ポケモンGoをめぐる環境は日に日に白熱している。この現象について今回は空間のとらえ方という点から考えてみる。
ポケGoの魅力と空間認知の更新
ポケモンのGoは、人々の空間認知を更新した。言い換えると、そこがどのような場所か考える場合においての選択肢が増えたともいえる。つまり、目に見えるだけがすべてでなくなった。
今、仮に、シャッター化した商店街に賑わいを生み出す場合を考えよう。この場合、まず考えられるのは、より魅力的な商品を置くことだ。だが、それにも限界はある。いくら個人商店が頑張ったところで大型のイオンに品揃えで勝てるとは思えない。
次に考え付くのは、イベントを行うことである。例えば聖地巡礼がある。もちろんエルサレムを回る巡礼ではなく、アニメの舞台となった場所を回る聖地巡礼だ。現状ではわざとらしくキャラクターのパネルを駅に置くというあまりにもくだらない、役人が考えそうなプランが多く目立つが、それでも多くの経済効果を生んでいる。
そもそもアニメの舞台と分かるというのは、最近では細かい描写があれでこれでという、ネットで住所を特定されるようなことになっている。けれども、元々はストーリーと雰囲気が良くてそこを舞台にしたはずである。けれどもやらコラボメニューだなんだとかいう、サブカル豚には餌を食べさせとけば儲かる的なことが横行している。
さて、では商品でもイベントでもないもので賑わいを生み出す方法は何か。それこそが今起きているポケモンGoの現象である。

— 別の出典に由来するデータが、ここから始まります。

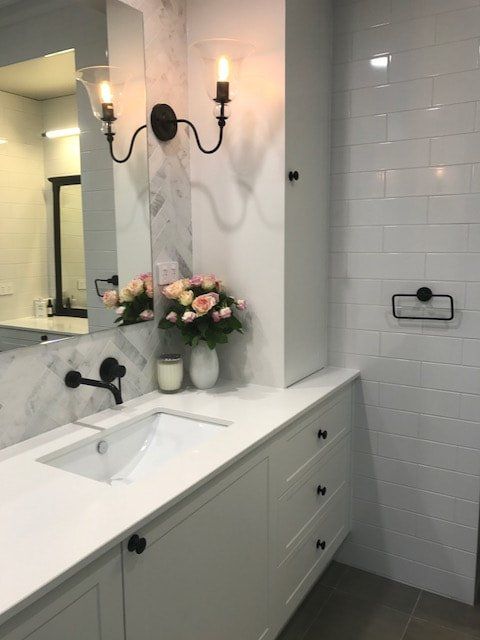 A bathroom with a sink and a mirror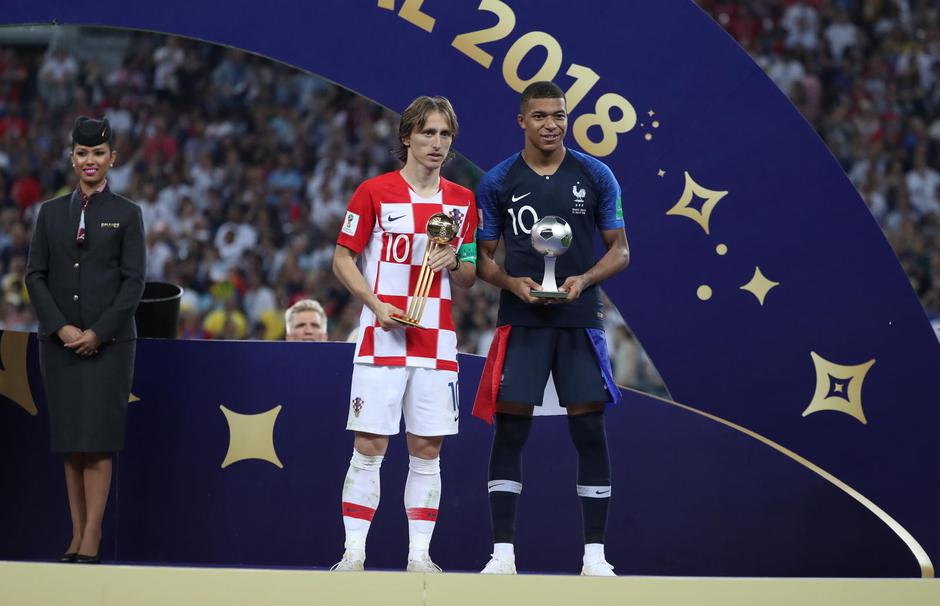 Moskva: Luka Modrić najbolji igrač Svjetskog prvenstva, Mbappe najbolji mladi igrač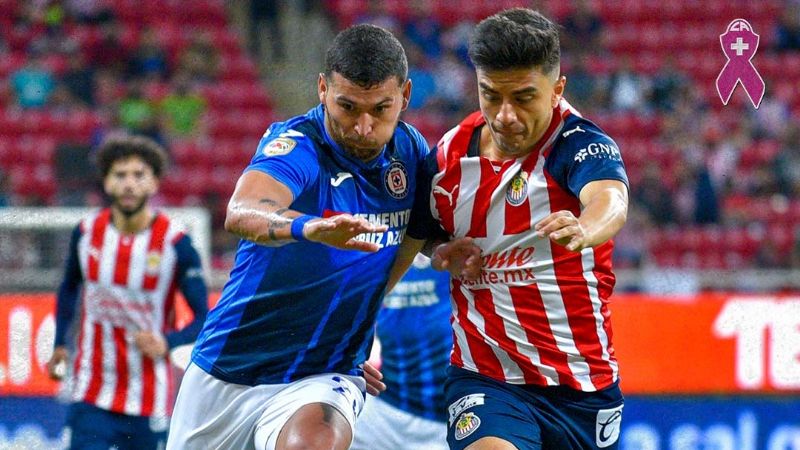 Chivas logra agónico empate ante Cruz Azul y mantiene sus esperanzas en la Liga MX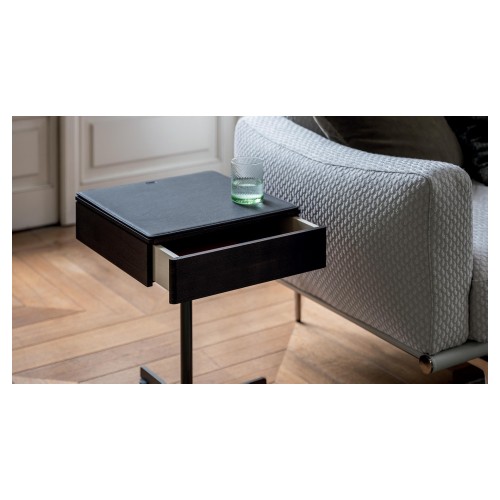 Bob | Small table with drawer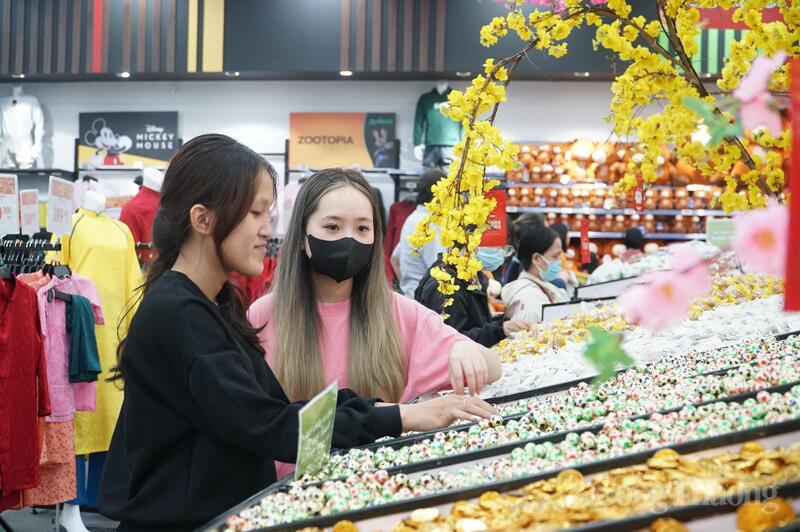 Bán lẻ Đà Nẵng vào cao điểm mua sắm tết Nguyên đán Bính Ngọ 2026.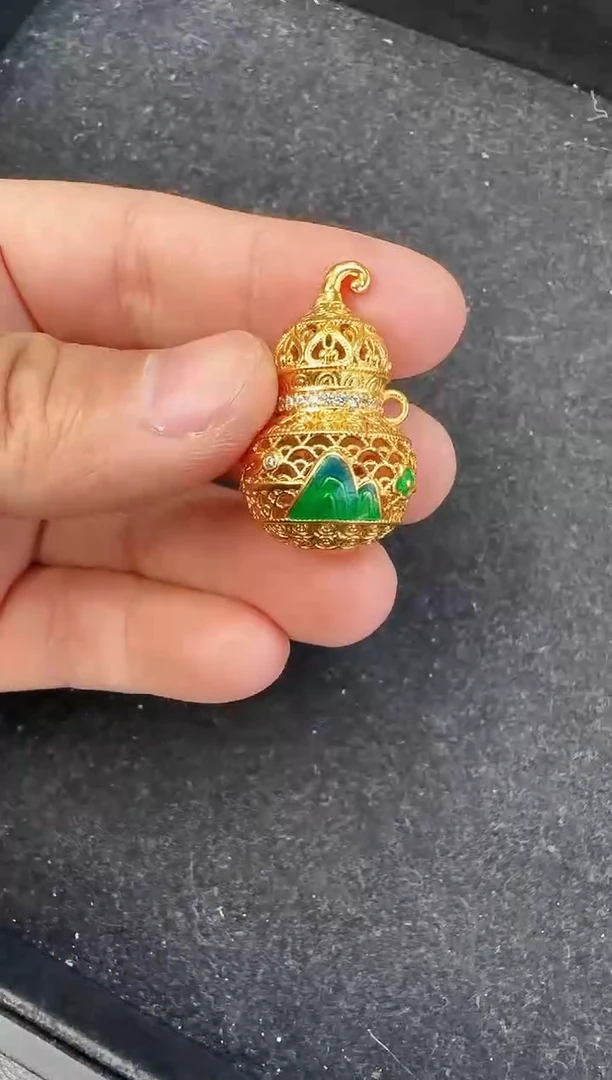 颈饰未镶嵌和田玉葫芦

【ライブブログ:ポケモンGO配信開始】 東京都内の公園では、ふだんは人が少ない夜になっても「ポケモンGO」に熱中する大勢の人の姿が見られ、周辺の住民からは驚きとともに懸念の声も・・・。https://t.co/kkHVcZU3Hc pic.twitter.com/0XVThbvgOz
— NHKニュース (@nhk_news) 2016年7月24日
リアルな世界とバーチャル世界があり、それらが相互作用することをポケモンGoは明確に示した。例えば、リアルな世界において何もなく子どもも大人もいない公園でも、ポケストップになりレアポケモンが集まるとなれば人々は集まる。
もちろんこのブームが継続して続くとは思えない。現にingressは今また盛り上がっているが、最盛期に比べると確実にアクティブなユーザー数は減っている。だが、バーチャル世界が存在し、それにより人々を動かせるという事実を知らしめたことは大きな功績である。
ポケモンGoの問題点
さて、そんなポケモンGoにも問題点がある。もちろん議論尽くされている歩きスマホの問題なんかをここで取り上げる意味は無い。では、なにか?
ポケモンが画面から出てこないことだ。何を意味の分からないことを言うのだ、と思うかもしれない。しかし、これが現実とゲームの境界になっている。
ここで、落合陽一の魔法の世紀という本を参考にしたい。落合陽一は研究者であり、現代の魔法使いという名前でメディア出演してることもある。
少し、本の内容について言及すると、時代の流れとしてまず産業革命などにより「物の世紀」が訪れる。次に、軍事のためのプロパガンダや娯楽映画のために「映像の世紀」が訪れた。落合陽一は本の中でこれからは「魔法の世紀」がくると述べている。例えば、妖精を彼は創りだした。
なんだこんなものか。という感想かもしれないが、映像が肌感を持ったという革命である。つまり、映像が物質になった。詳細は本を読んでみるとより分かると思うので未読の方は是非。
ポケモンGoの先にあるものは?
ポケモンGoの問題はポケモンが実際にはいないことだという話をした。つまり、スマホの画面内であることが今の限界である。先の落合さんの話により、ポケモンがより物質的になることが出来た時、スマホの中を飛び出して、「あの子のスカートの中」にもモンスターは現れることができるだろう。